Essere sovrumano, ministro di Dio presso gli uomini per annunciare e fare eseguire la sua volontà. Il termine greco ἄγγελος («messaggero») applicato a messi divini (Hermes, Iride, la Fama, talvolta in connessione con l’Oltretomba) venne usato dai traduttori greci dell’Antico Testamento per rendere l’ebraico mal’āk, che vale «messaggero, ministro». Gli a., esseri superiori all’uomo (detti anche «figli» di Dio, Genesi 6, 2; Giobbe 1, 6), formano gli eserciti di Yahweh, fanno conoscere e osservare i suoi voleri: varcano le distanze in un attimo, appaiono agli uomini (talvolta in sogno o in visione) in forma umana, proteggono uomini (come Raffaele, custode di Tobia) e nazioni o li puniscono.
Maestro dell’angelologia cristiana antica è lo pseudo-Dionigi Areopagita, che ne definì la gerarchia riconoscendone i tre ordini, ciascuno suddiviso in tre cori, onde nove gradi in ordine discendente da Dio all’uomo: Serafini, Cherubini, Troni; Dominazioni, Virtù, Potenze; Principati, Arcangeli, Angeli. La devozione agli a. (specie ad alcuni arcangeli, come s. Michele) crebbe nel Medioevo, soprattutto per opera di s. Bernardo. Poi l’accettazione dell’aristotelismo condusse i teologi a esaminare problemi di carattere metafisico e si venne così formando un’angelologia propriamente teologica. La devozione continuò a svilupparsi nel cattolicesimo, specie a opera dei gesuiti, anche come reazione al protestantesimo (che mantiene la credenza, respingendo il culto). Oltre alle feste di alcuni arcangeli (s. Michele, s. Gabriele e s. Raffaele) vi è quella degli a. custodi, riconosciuta da Paolo V (1608) per l’Impero ed estesa a tutta la Chiesa daClemente X (1670); la Chiesa greca ha la festa dell’unione degli a. incorporei.

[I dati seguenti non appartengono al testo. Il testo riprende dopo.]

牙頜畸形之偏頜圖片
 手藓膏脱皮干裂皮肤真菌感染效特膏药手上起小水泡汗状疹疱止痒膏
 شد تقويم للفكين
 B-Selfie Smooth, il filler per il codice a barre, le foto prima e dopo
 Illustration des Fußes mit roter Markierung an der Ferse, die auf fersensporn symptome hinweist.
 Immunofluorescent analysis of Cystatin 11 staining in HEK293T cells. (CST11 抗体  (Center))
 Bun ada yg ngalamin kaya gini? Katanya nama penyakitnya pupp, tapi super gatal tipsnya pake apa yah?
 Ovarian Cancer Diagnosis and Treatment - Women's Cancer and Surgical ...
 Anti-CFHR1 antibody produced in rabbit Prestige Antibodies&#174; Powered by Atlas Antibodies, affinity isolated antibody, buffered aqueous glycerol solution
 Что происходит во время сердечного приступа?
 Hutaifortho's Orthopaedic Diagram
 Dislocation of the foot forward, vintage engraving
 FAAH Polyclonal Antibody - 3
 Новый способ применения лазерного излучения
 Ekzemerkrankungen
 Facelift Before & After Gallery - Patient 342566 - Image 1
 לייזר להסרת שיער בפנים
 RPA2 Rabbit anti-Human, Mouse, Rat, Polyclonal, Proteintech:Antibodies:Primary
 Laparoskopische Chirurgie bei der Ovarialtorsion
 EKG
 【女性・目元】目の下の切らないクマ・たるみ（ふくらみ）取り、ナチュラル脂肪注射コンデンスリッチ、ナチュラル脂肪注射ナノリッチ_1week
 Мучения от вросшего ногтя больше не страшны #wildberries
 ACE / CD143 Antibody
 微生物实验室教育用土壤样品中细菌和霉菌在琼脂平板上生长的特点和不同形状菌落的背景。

Nelle prime raffigurazioni, di soggetto biblico (dal 3° sec.) l’a. appare come figura giovanile, priva di ali, vestita di tunica e pallio. Tra la fine del 4° e il 5° sec. si diffonde l’iconografia dell’a. alato, con il nimbo e il capo cinto di una benda. Nella rappresentazione dei cori angelici, i Cherubini e i Serafini sono rappresentati rispettivamente con quattro e con sei ali, da cui emergono i piedi poggianti su ruote alate, con occhi diffusi nei nimbi, nelle ali e nelle ruote. I Troni sono rappresentati da ruote di fuoco, alate e con occhi, o sono raffigurati seduti sul globo celeste con scettro gigliato e corona merlata. Gli altri cori sono assimilati nel tipo generico degli angeli. Gli Arcangeli nell’arte bizantina, e per influsso di questa anche nell’arte occidentale, vestono come dignitari di corte, con tunica, dalmatica e loros; spesso reggono il globo e lo stendardo, oppure un’asta d’oro. Loro attributo può essere anche il libro. Un’iconografia particolare, diffusa in America Latina dal sec. 17°, è quella degli arcangeli vestiti secondo la moda contemporanea e armati di archibugio. All’arcangelo Michele spettò un culto particolare sin dal 5° sec.; la sua figura è legata al Giudizio Universale e talora compare mentre pesa le anime o come psicopompo; protettore dell’esercito sia nel mondo bizantino sia in Occidente, è rappresentato in armatura, spesso in atto di sconfiggere il male. L’arcangelo Gabriele, a. dell’Annunciazione, ha lo scettro del messaggero oppure il ramo d’ulivo, simbolo di pace, o il giglio, simbolo di purezza. L’arcangelo Raffaele, in allusione all’episodio biblico di Tobia, è spesso in abito da pellegrino, con il bastone e un pesce, e diverrà raffigurazione esemplare dell’a. custode. L’arcangelo Uriele, raramente raffigurato da solo, secondo l’iconografia tradizionale brandisce la spada infuocata. Dal Rinascimento la rappresentazione degli a. diviene estremamente diffusa e varia, sfuggendo a ogni schema iconografico. Frequente è la derivazione del tipo degli a. da quello degli amorini dell’antichità pagana; diffuso anche il motivo iconografico della testa di putto alata, spesso riferito ai cherubini (in tal caso con sei, anziché due, ali).